The Brad Blog has been following this closely -- Galloway's appearance before the Senate Committee on Homeland Security and Governmental Affairs (Permanent Subcommittee on Investigatoins), is mysteriously absent from the Committee's website. You can find witness testimony from Charles Abell to Philip Zelikow, but nothing from George Galloway. You can search for Galloway, but you won't find anything.
Whose fault is that? The Brad Blog reports:
The Socialist Worker (UK) notes:
Then there was the massive press and media coverage from every part of the world, which seems to confirm that the MP did actually appear before the committee.
George Galloway said, "It seems I’ve been airbrushed from history. Senator Norm Coleman, who in a previous incarnation was a left winger, has clearly learned from Uncle Joe Stalin how to remove troublesome people from the historical record."

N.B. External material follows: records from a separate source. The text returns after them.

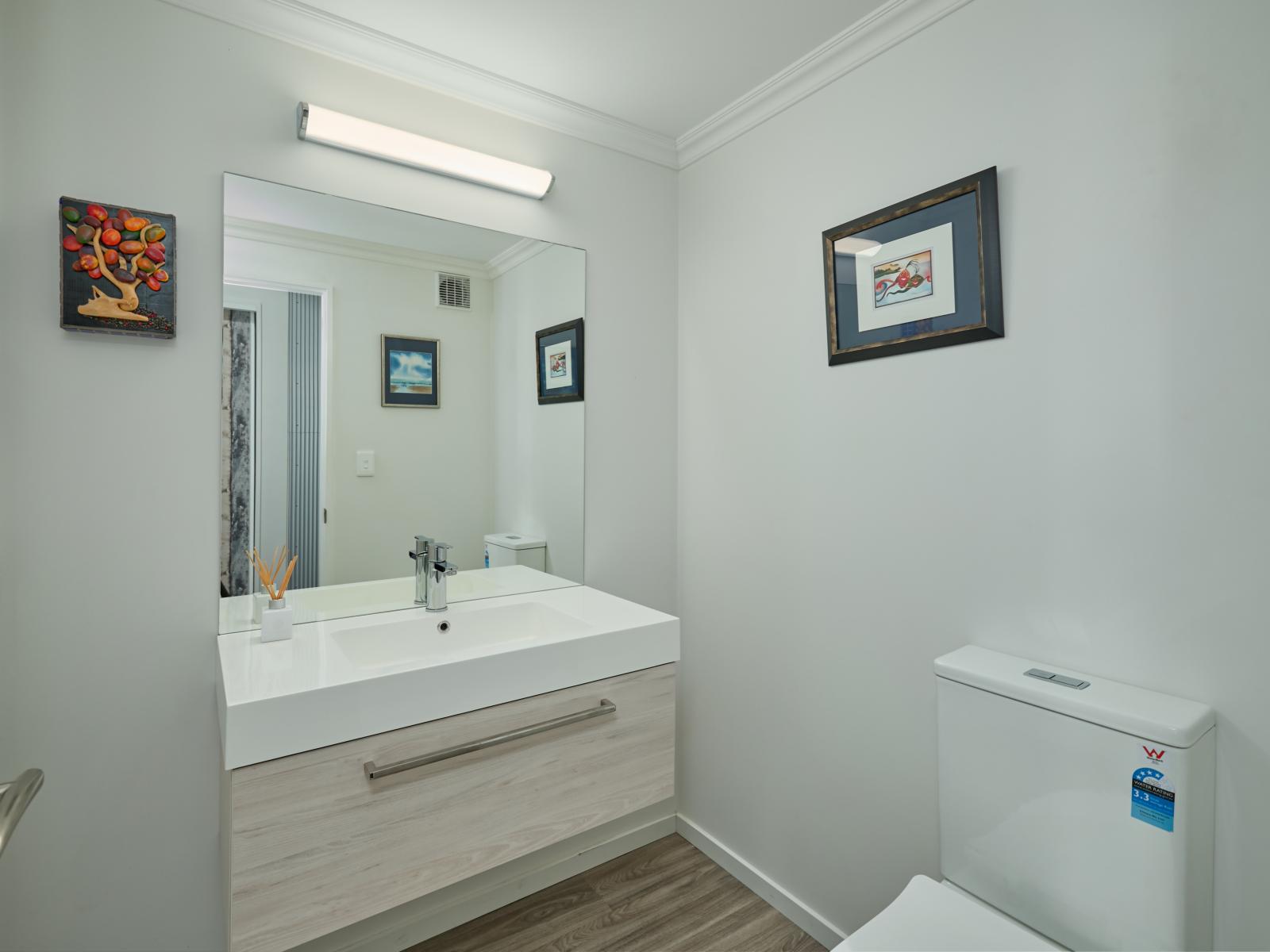 47 Shearwater Drive, Kaikoura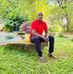 Michel Paul Perera - Facebook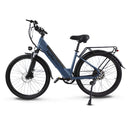 Jupiter 500W Journey Electric Bike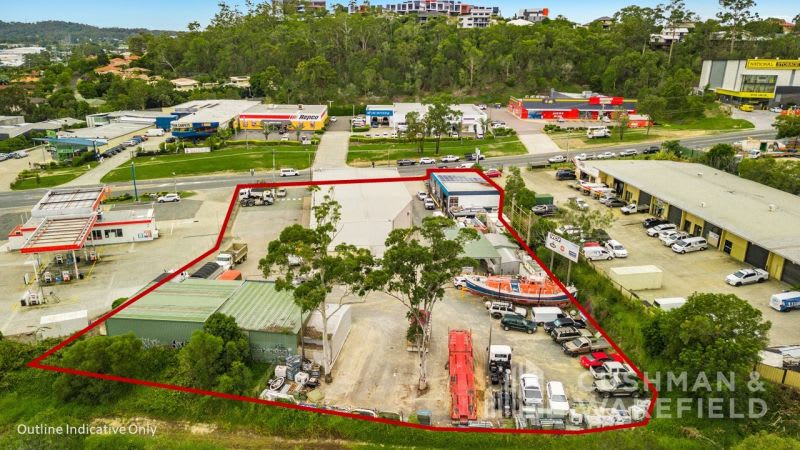 Carrara QLD 4211 - Image 3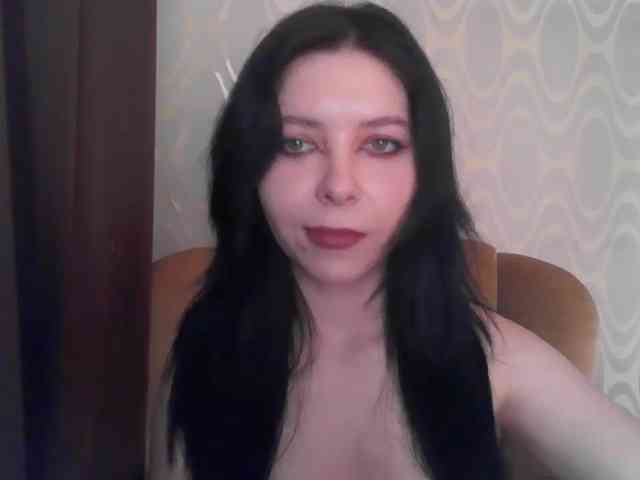 RileyCute webcam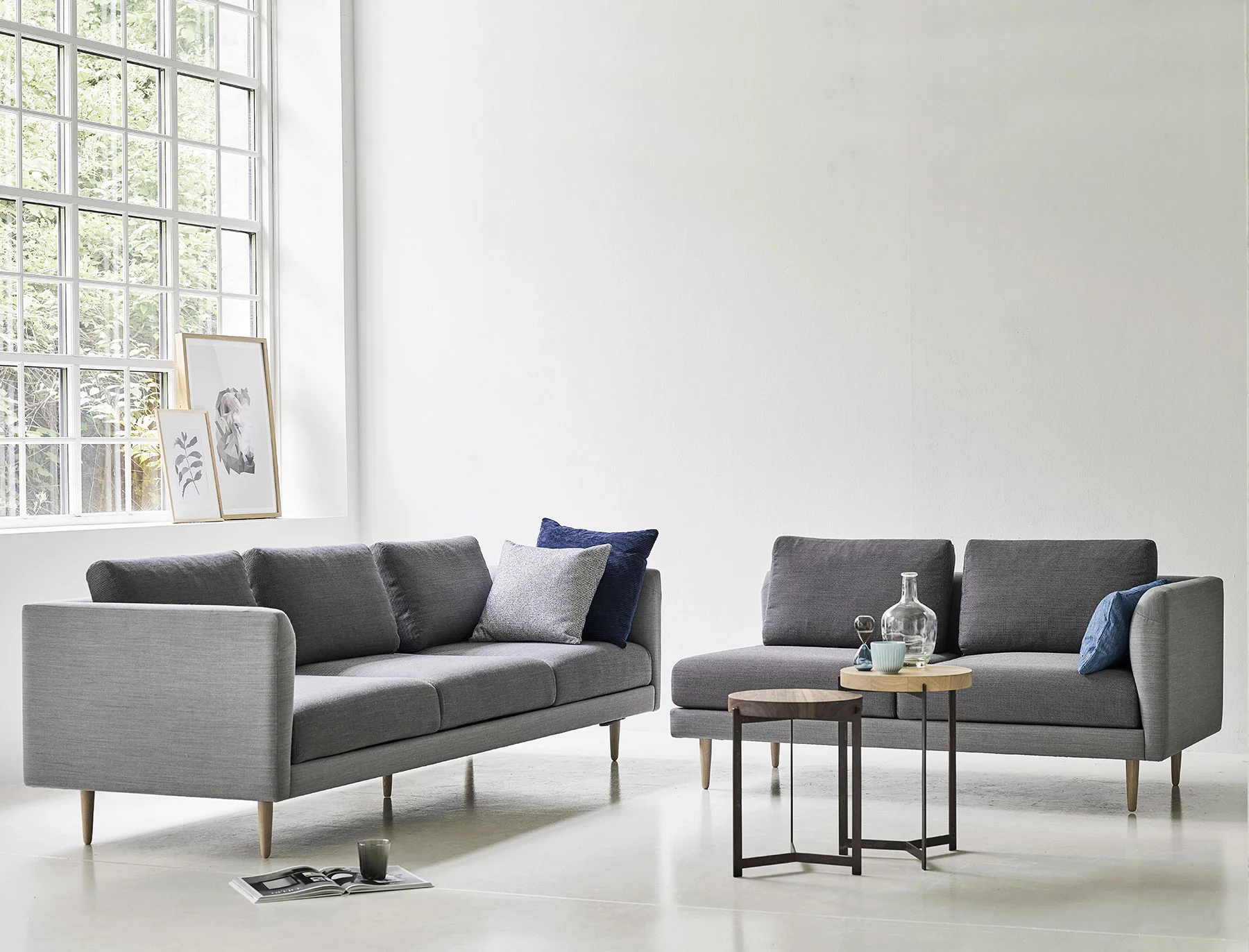 sorenrosestudio_plateau_table_dk3_web.jpg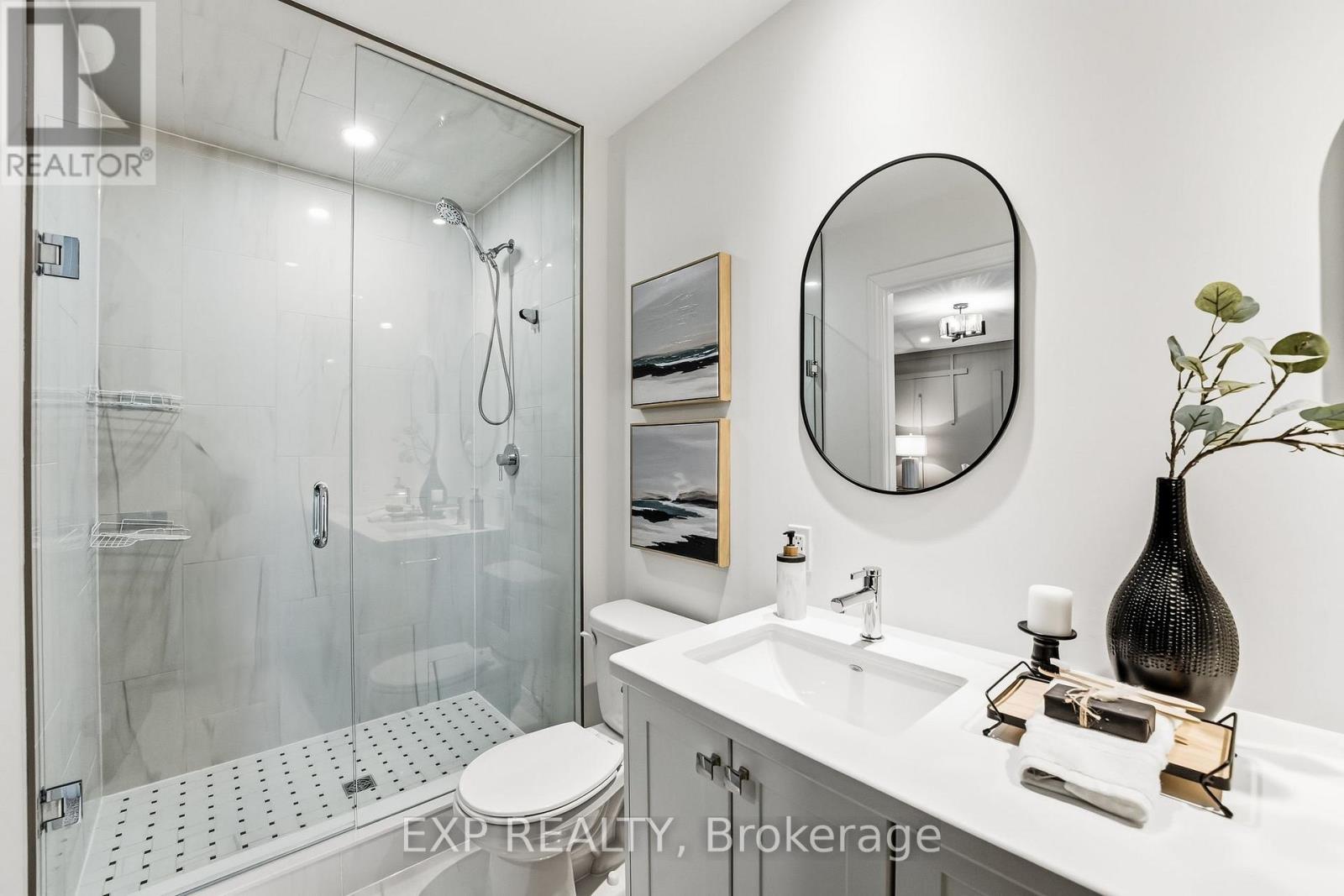 31 Shand Lane, Scugog, Ontario  L9L 0C7 - Photo 24 - E12976358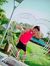 Shubham...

AND the link to the archived video is still wrong. The link tells you to go to "http://www.senate.gov/~gov_affairs/audio_video\051705video.ram". Clicking that link gives you a page not found error. The actual link is "http://www.senate.gov/~gov_affairs/audio_video/051705video.ram" (working link).
That Stalin quote made me curious about what folks around here think about Christopher Hitchens's take on Galloway. I'm sure Hitchens's lefty bona fides has worn a little thin of late for a lot of people.
By Joseph Thvedt, at 9:40 AM
Great link, thanks!
I'm not an admirer of Hitchens, but he has the guts to include Galloway's criticism of him: "He had evidently been admirably consistent in his attention to my humble work, because he changed tone and said that this was just what he'd expect from a 'drink-sodden ex-Trotskyist popinjay.' It takes a little more than this to wound your correspondent--I could still hold a martini without spilling it when I was 'the greatest polemicist of our age' in 2001--but please note that the real thrust is contained in the word 'Trotskyist.' Galloway says that the worst day of his entire life was the day the Soviet Union fell."
I don't think anyone who has paid much attention feels that Galloway is not a deeply flawed political figure, I believe Hammer even implied as much in one of his posts. That doesn't diminish the appeal of seeing Norm Coleman get a load of inconvenient facts crammed down his throat in front of an international audience. I also note that Hitchens does nothing to refute any of Galloway's actual statements. I don't think many of us here wish Galloway were our Senator or Representative but we sure wish some of the Democrats in this country would deliver his style of smack-down once in a while.
I also note that Hitchens does nothing to refute any of Galloway's actual statements.
No?
It would have been a simple matter for them to call him out on a number of things. First of all, and easiest, he had dared to state under oath that he had not been a defender of the Saddam regime. This, from the man who visited Baghdad after the first Gulf war and, addressing Saddam, said: "Sir, I salute your courage, your strength, your indefatigability."
and
At the hearing, also, Galloway was half-correct in yelling at the subcommittee that he had been a critic of Saddam Hussein when Donald Rumsfeld was still making friendly visits to Baghdad. Here, a brief excursion into the aridities of left history may elucidate more than the Galloway phenomenon.
Well, it wasn't all that brief, so I won't quote any more, but it's there in the article. He also goes into the more substantive question of Galloway's and Fawaz Zureikat's involvement in Oil-for-Food.
By Joseph Thvedt, at 9:12 PM
I'm sorry, I was only referring to his attacks on Coleman. Thgose were the only parts that really interested me but I see that I did nothing in my comment to indicate that. I have no doubt there may have been massive corruption in the Oil for Food program. Maybe Galloway was involved, maybe he wasn't. I don't much care. I think the reason most of us on the left enjoyed his testimony was because he said all the things we wish Democrats would say about the Iraq war (and I do think I managed to get that across). If Galloway ends up being guilty of skimming a few million dollars that makes him a bad guy but it does not change his critique of American policy.
So far, at worst, Galloway is accused of receiving vouchers for 20 million barrels of oil. The original figure I read was that the vouchers could be sold for 30 cents.